Vigilância genômica e plataformas de dados abertos como ferramentas técnicas 🧬
A iniciativa aposta em sistemas de vigilância genômica em tempo real para identificar padrões de resistência bacteriana. Propõe-se o uso de plataformas de dados abertos que permitam a laboratórios e hospitais compartilhar informações sobre cepas resistentes. Também se incentiva o desenvolvimento de diagnósticos rápidos baseados em PCR e sequenciamento, o que facilitaria a prescrição precisa de antibióticos. No entanto, a integração dessas tecnologias em sistemas de saúde com recursos limitados continua sendo um obstáculo técnico e econômico importante.

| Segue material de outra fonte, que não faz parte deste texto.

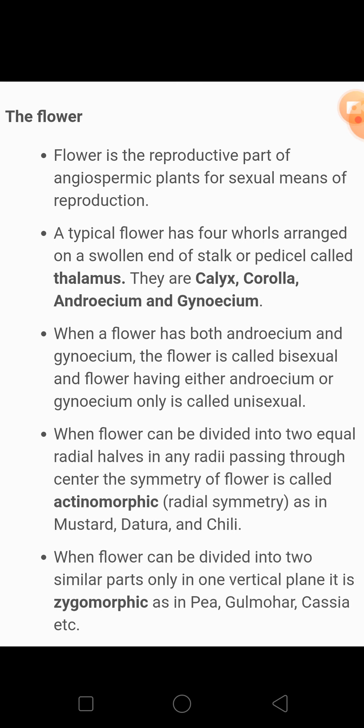Now let's see some more classification of how flowers are divided. As you all know, a flower is the reproductive part of an angiosperm plant for sexual means of reproduction. A typical flower has four whorls arranged on the swollen end of the stalk or pedicel, jisko thalamus kehate hain. And these whorls are calyx, corolla, androecium, and gynaeceum.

O plano perfeito que só precisa que ninguém se esqueça de aplicá-lo 🦠
A OMS elaborou um plano tão completo que até conta com a aprovação das farmacêuticas, algo como conseguir que uma raposa assine um acordo para cuidar do galinheiro. A proposta inclui incentivos para pesquisar novos antibióticos, mas ninguém explicou como convencer uma empresa a investir milhões em um medicamento que será pouco vendido para evitar resistências. Talvez a solução seja pedir aos micróbios que sejam mais considerados com os prazos de desenvolvimento.